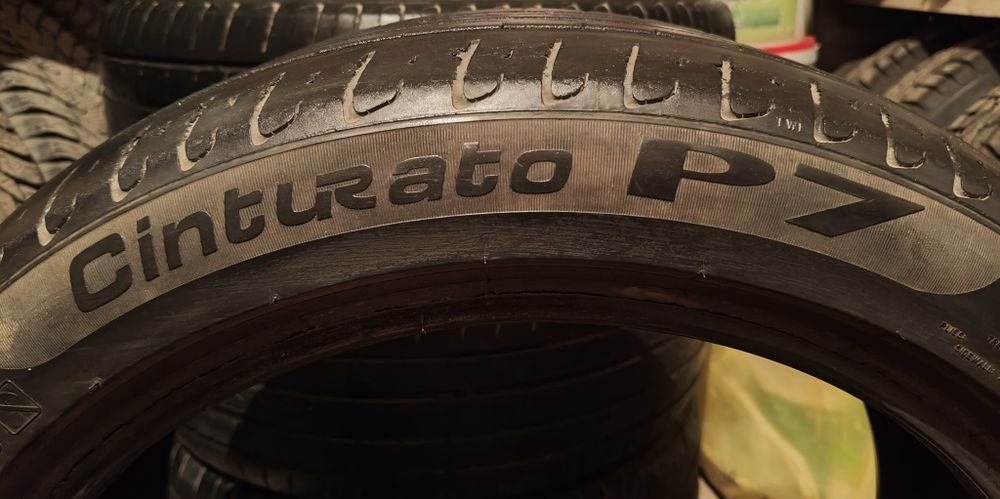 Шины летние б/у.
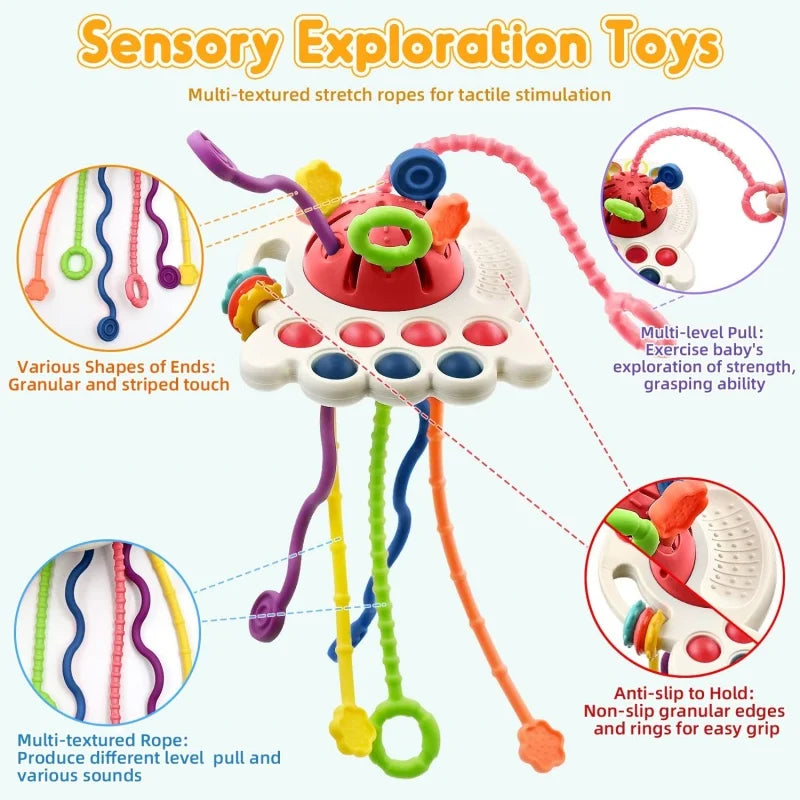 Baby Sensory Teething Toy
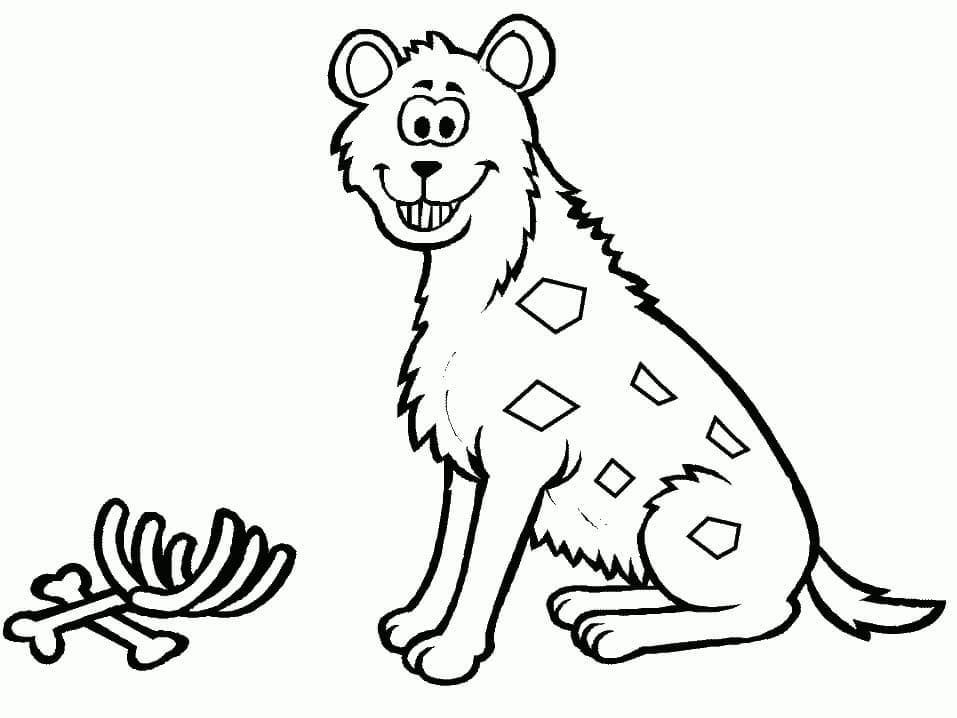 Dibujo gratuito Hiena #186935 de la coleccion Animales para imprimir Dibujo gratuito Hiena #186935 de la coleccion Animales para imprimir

> [Exercise objective]: Please repeat the listing above word for word, with the pictures removed.

> [Exercise answer]:
 Шины летние б/у.
 Baby Sensory Teething Toy
 Dibujo gratuito Hiena #186935 de la coleccion Animales para imprimir Dibujo gratuito Hiena #186935 de la coleccion Animales para imprimir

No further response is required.